(Crawled caption data)
* * * *

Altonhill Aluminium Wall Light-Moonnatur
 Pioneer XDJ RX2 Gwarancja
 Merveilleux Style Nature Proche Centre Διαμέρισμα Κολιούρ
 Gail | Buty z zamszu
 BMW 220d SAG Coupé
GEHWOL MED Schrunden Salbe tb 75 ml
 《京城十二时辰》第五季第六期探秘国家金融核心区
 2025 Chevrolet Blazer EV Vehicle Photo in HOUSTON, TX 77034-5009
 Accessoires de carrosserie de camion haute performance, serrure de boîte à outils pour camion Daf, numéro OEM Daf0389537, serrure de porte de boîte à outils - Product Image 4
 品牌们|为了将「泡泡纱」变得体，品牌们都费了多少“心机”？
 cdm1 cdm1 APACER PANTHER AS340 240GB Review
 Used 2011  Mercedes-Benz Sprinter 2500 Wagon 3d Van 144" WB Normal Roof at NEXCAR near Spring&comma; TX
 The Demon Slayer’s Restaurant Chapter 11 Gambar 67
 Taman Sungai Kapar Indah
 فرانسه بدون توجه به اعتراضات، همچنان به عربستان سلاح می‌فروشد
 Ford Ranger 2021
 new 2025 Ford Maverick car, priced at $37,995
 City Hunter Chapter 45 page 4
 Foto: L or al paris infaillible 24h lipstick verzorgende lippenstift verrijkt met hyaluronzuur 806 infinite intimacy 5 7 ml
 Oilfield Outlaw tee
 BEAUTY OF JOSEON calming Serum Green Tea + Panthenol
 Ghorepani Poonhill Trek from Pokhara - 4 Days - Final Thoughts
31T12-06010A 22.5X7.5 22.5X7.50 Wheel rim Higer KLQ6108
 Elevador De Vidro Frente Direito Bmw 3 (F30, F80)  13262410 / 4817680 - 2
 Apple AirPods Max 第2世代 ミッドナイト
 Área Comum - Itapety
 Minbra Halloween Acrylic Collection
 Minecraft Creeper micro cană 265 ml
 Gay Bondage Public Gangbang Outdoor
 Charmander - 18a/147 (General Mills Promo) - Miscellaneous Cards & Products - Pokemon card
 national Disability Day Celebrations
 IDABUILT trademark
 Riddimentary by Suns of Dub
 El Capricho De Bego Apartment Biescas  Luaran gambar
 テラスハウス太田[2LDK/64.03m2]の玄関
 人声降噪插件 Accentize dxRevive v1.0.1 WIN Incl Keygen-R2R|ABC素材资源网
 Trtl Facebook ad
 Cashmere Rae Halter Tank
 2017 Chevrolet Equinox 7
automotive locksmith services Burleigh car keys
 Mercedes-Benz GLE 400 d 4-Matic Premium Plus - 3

* * * *

A word-for-word restatement of every record above is expected.

▶ EXERCISE RESULT
Altonhill Aluminium Wall Light-Moonnatur
 Pioneer XDJ RX2 Gwarancja
 Merveilleux Style Nature Proche Centre Διαμέρισμα Κολιούρ
 Gail | Buty z zamszu
 BMW 220d SAG Coupé
GEHWOL MED Schrunden Salbe tb 75 ml
 《京城十二时辰》第五季第六期探秘国家金融核心区
 2025 Chevrolet Blazer EV Vehicle Photo in HOUSTON, TX 77034-5009
 Accessoires de carrosserie de camion haute performance, serrure de boîte à outils pour camion Daf, numéro OEM Daf0389537, serrure de porte de boîte à outils - Product Image 4
 品牌们|为了将「泡泡纱」变得体，品牌们都费了多少“心机”？
 cdm1 cdm1 APACER PANTHER AS340 240GB Review
 Used 2011  Mercedes-Benz Sprinter 2500 Wagon 3d Van 144" WB Normal Roof at NEXCAR near Spring&comma; TX
 The Demon Slayer’s Restaurant Chapter 11 Gambar 67
 Taman Sungai Kapar Indah
 فرانسه بدون توجه به اعتراضات، همچنان به عربستان سلاح می‌فروشد
 Ford Ranger 2021
 new 2025 Ford Maverick car, priced at $37,995
 City Hunter Chapter 45 page 4
 Foto: L or al paris infaillible 24h lipstick verzorgende lippenstift verrijkt met hyaluronzuur 806 infinite intimacy 5 7 ml
 Oilfield Outlaw tee
 BEAUTY OF JOSEON calming Serum Green Tea + Panthenol
 Ghorepani Poonhill Trek from Pokhara - 4 Days - Final Thoughts
31T12-06010A 22.5X7.5 22.5X7.50 Wheel rim Higer KLQ6108
 Elevador De Vidro Frente Direito Bmw 3 (F30, F80)  13262410 / 4817680 - 2
 Apple AirPods Max 第2世代 ミッドナイト
 Área Comum - Itapety
 Minbra Halloween Acrylic Collection
 Minecraft Creeper micro cană 265 ml
 Gay Bondage Public Gangbang Outdoor
 Charmander - 18a/147 (General Mills Promo) - Miscellaneous Cards & Products - Pokemon card
 national Disability Day Celebrations
 IDABUILT trademark
 Riddimentary by Suns of Dub
 El Capricho De Bego Apartment Biescas  Luaran gambar
 テラスハウス太田[2LDK/64.03m2]の玄関
 人声降噪插件 Accentize dxRevive v1.0.1 WIN Incl Keygen-R2R|ABC素材资源网
 Trtl Facebook ad
 Cashmere Rae Halter Tank
 2017 Chevrolet Equinox 7
automotive locksmith services Burleigh car keys
 Mercedes-Benz GLE 400 d 4-Matic Premium Plus - 3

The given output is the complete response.